To ensure we had some structure to our thinking and perhaps with an eye to the future we created an executive working group to get things moving in a more formal manner.  We needed a permit to use the field and had to procure some footballs etc…

We put word out on the street that our first get together was going to be at Centennial Park in Etobicoke by the indoor soccer venue at one of the cricket pitches.

Upon arriving at our first practice, we had a few Irish guys show up.  They were keen as Gaelic football and Australian Rules football share many similarities between the two codes.

Awesome!  The more the merrier…

It also drew a few more Aussies and interested Canadians and so I think we ended up having around 18 guys show up on our first night.

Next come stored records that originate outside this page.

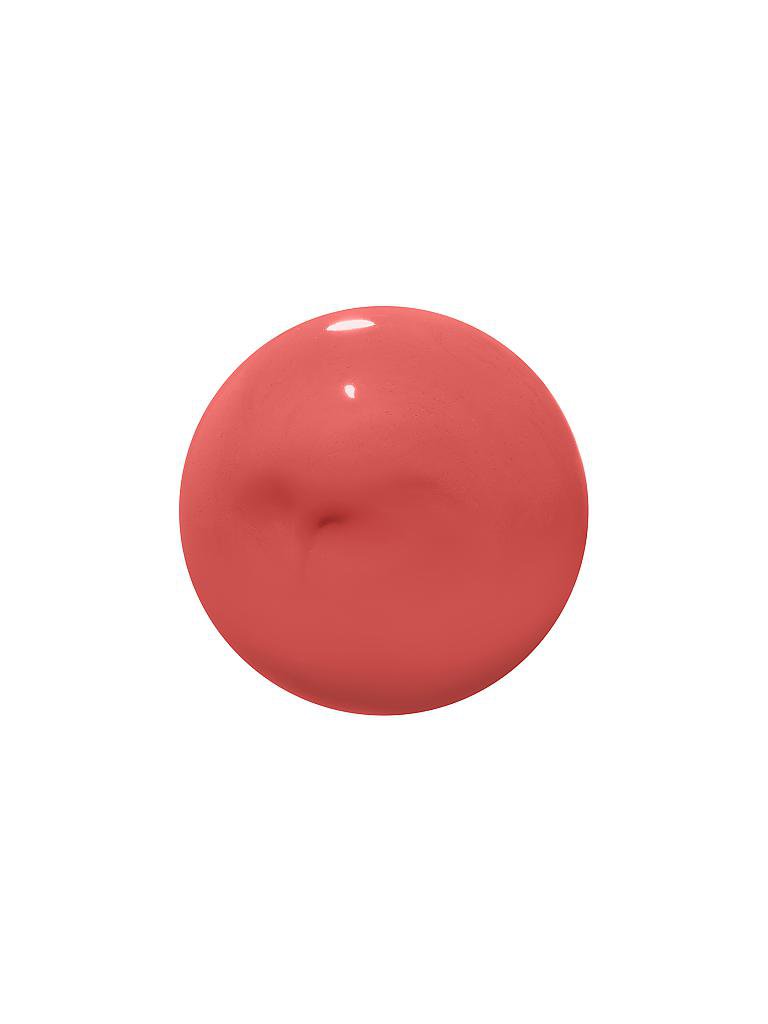 SHISEIDO | LacquerInk LipShine (312 Electro Peach) | rosa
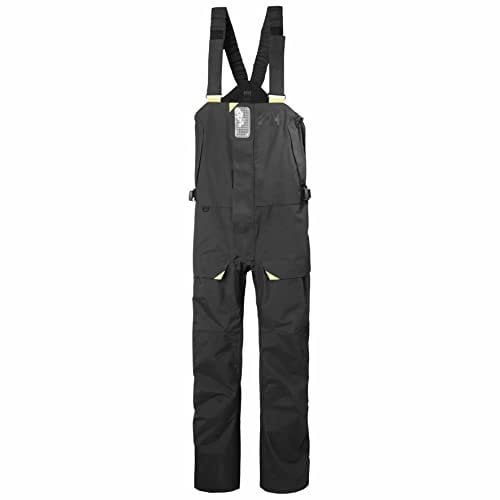 Helly Hansen Skagen Hose Ebony XXL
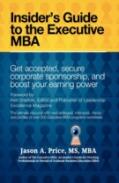 The Executive Mba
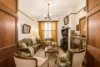 5 Dougan Street, Ashfield, NSW 2131-Image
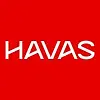  Havas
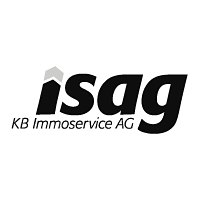 Download ISAG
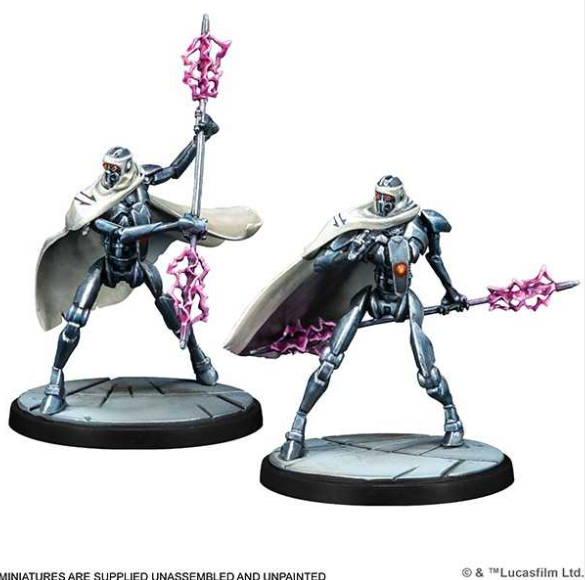 96f736d6-23e2-4dc0-9d26-3890d9d1eb78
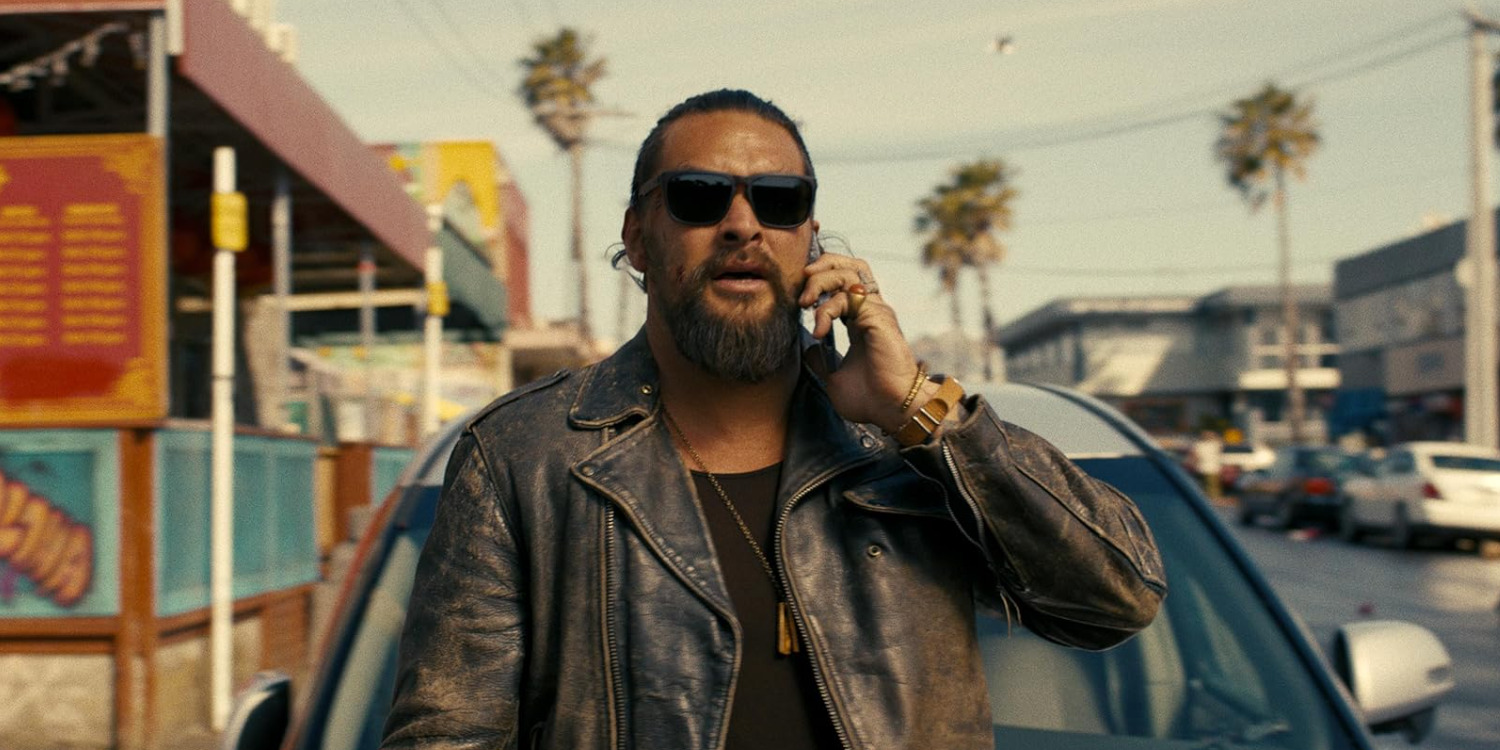 The Wrecking Crew Ending Explained: Who Killed Jonny’s Mother?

Given my coaching experience I led the warm ups before getting down to kicking the footy, with a few of the experienced players helping instruct some Canucks on how to kick and handpass.

It was a fun couple of hours.  At the end of the session, we asked them to come to our next practice and bring a friend.

By the end of the third training session, we had around 30+ guys…. enough for two teams.

After each training session we’d retire to the indoor soccer venue on the other side of the car park for drinks at the bar.

Another Aussie, John Pearson had a significant football background and was also interested in coaching.

We now had the bones of two teams with two experienced coaches.


After the following training session we decided to have a draft of the players that had shown up and assign them to a team.

To say it was a rudimentary affair is an understatement as John and I flipped a coin to see who would choose first.  A fun night to be sure!

We now had the first inaugural clubs – the Mississauga Mustangs and the Toronto Panthers.

It was also around this time that the Australian Football League targeted Toronto to play its International Fosters Cup match between two of the year’s best teams from the professional competition in Australia.  ❤️

This was scheduled for Friday night, October 6th at the Skydome (now Rogers Centre) in downtown Toronto.

Over the ensuing couple of months, we played a series of five games leading up to our “Grand Final” on the Saturday after the exhibition game.  With each game we garnered more interest and before long we even had people coming to watch our games.

Two of the AFL’s powerhouse clubs were playing in the exhibition game – Melbourne and Geelong.

Prior to getting started we had reached out to the AFL and petitioned them to provide us with two sets of football uniforms which the happily provided.  We would be playing in the same colors as the two pro teams.

Again another toss of the coin to see which team would get which uniforms. I won the toss so chose the dark blue and red jerseys and John took the blue and white.

The Fosters Cup game was a huge success and certainly buoyed our fledgling competition.  Melbourne won the game by 13 points in front of approximately 25,000 people.

We all attended the exhibition game, including the after party at the Royal York Hotel with the players…it was a BIG night!

The next day we played our “Grand Final” at Centennial Park, with many of the AFL’s dignitaries and players attending the game.

In fact, I had Ron Barassi (one of the most famous AFL coaching legends came and listened to my halftime speech) and gave me a “good speech coach” as we broke the huddle to begin the third quarter.  🙌🏼 😳

He and the President of the AFL presented the first ever Conacher Cup to the winning team.  It was quite the beginning to AFL football in Canada…

Today, AFL is played across Canada in almost every province with both men’s and women’s competitions including an Auskick program in schools.  In fact, it’s now been recognized as an official Canadian amateur sporting body.